Habima was founded as an amateur troup by Nahum Lazarevich Tsemakh (Hebrew: Naḥum Tsemaḥ; 1887–1939) in Białystok (then in Grodno Governorate, Russian Empire) in 1912. Menahem Gnessin was one of its cofounders and early actors. Because its performances were in Hebrew, invoked the Jewish folk tradition, and dealt with issues of the Jewish people, soon it was banned by Russian authorities, and the theatre troupe was forced to become a travelling one. Beginning in 1918, the theatre operated under the auspices of the Moscow Art Theatre, which some consider its actual beginning. It encountered difficulties under the Soviet government as well, after the Russian Revolution. Konstantin Stanislavsky arranged for the mainly Jewish Polish actors to be trained by Yevgeny Vakhtangov. The People's Commissar for Nationalities Affairs, Joseph Stalin, also authorized the theatre's creation.
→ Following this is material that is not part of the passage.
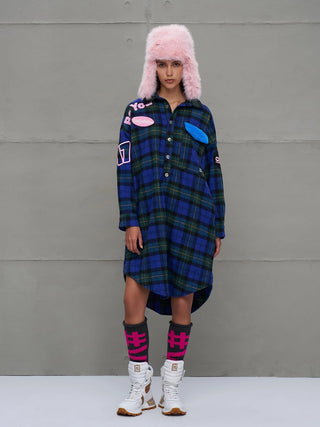 Junge Frau trägt #VDR Shirt 18114 royal/black, ein übergroßes Plaid-Kleid mit Applikationen, kombiniert mit pinkem Trapper-Hut, grauen Socken und weißen Stiefeln, vor grauer Wand.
However, the Yevsektsiya attempted to use its influence to cut off state funds to Habima, branding it counter-revolutionary.

===International tour===
In 1926, the theatre left the Soviet Union to tour abroad, in countries including Latvia, Lithuania, Poland, France, Germany, the Netherlands, and the United States. Their productions met with great success. In 1927, the company split up, with Zemach and some of the actors choosing to stay in the U.S.

===Lodz Impact===
The theatre staff visited the city of Lodz, and the pre-war photographer and artist Mendel Grossman, photographed the actors and actresses from the wings of the stage. His life was changed as a result of the visit of the theatre.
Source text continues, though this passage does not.